So far as the question of late payment of the bills is concerned,
the arbitrator has arrived at a finding of fact that there had been an
inordinate delay in respect of 10th R/A bill for Rs.4,85,403.31 which
was paid after a lapse of one year from the date of completion of work
on 15.1.1988 and a sum of Rs.54,737.53 was awarded as damages @ 12% on
the said amount for the period of 343 days to the appellant.

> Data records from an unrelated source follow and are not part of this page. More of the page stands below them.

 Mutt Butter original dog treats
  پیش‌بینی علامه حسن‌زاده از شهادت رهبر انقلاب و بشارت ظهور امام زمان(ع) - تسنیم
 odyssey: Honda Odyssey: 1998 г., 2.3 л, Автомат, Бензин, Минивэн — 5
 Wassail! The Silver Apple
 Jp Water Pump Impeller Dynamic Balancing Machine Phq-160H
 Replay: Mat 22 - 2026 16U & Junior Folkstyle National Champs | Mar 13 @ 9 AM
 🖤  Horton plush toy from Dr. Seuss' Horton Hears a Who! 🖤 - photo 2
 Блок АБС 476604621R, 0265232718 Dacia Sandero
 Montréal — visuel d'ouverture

So far as Claim Item No.3 is concerned, the question which arose
for consideration before the arbitrator was as to whether any extra
work had been done or not. The case of the appellant was that the
respondent had not done any extra work. The arbitrator had considered
the materials on record for the purpose of arriving at a finding of
fact that certain extra work had been done by the respondent wherefor
only a sum of Rs.84,942.02 was awarded in place and instead of
Rs.1,58,862.26.
However, Mr. Sinha is correct in his submission that the learned
arbitrator has not taken into consideration the effect and purport of
the following clause in the contract:
"Provided always that :
(a) Contractor/Contractors shall not be entitled to
any payment for any additional work done unless
he/they have received an order in writing from
the Superintending Engineer/Sr. Executive
Engineer/Executive Engineer for such additional
work;
(b) The contractor/contractors shall be bound to
submit his/their claim for any such additional
work done during any month on or before the 15th
day of the following month accompanied by the
additional work; and
(c) The contractor/contractors shall not be
entitled to any payment in respect of such
additional work if he/they fail to submit
his/their claim within the aforesaid period."

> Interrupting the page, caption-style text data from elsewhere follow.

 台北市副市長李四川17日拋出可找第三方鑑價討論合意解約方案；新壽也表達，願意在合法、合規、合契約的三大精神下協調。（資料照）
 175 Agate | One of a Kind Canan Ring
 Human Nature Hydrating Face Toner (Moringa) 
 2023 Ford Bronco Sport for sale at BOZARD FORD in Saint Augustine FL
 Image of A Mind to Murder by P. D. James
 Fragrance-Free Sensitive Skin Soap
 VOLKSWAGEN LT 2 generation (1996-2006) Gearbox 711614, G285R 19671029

The question is as to whether the claim of the contractor is de
hors the rules or not was a matter which fell for consideration before
the arbitrator. He was bound to consider the same. The jurisdiction
of the arbitrator in such a matter must be held to be confined to the
four-corners of the contract. He could not have ignored an important
clause in the agreement; although it may be open to the arbitrator to
arrive at a finding on the materials on records that the claimant’s
claim for additional work was otherwise justified.
Claim Item No.4 was rejected.
The award in respect of Claim Item No.5 is not in question.
Claim Item No.6 was in relation to penalty amount of Rs.10,000/- which
was deducted by way of penalty and was not found to be justifiable, and
as such the appellant was directed to refund the said amount.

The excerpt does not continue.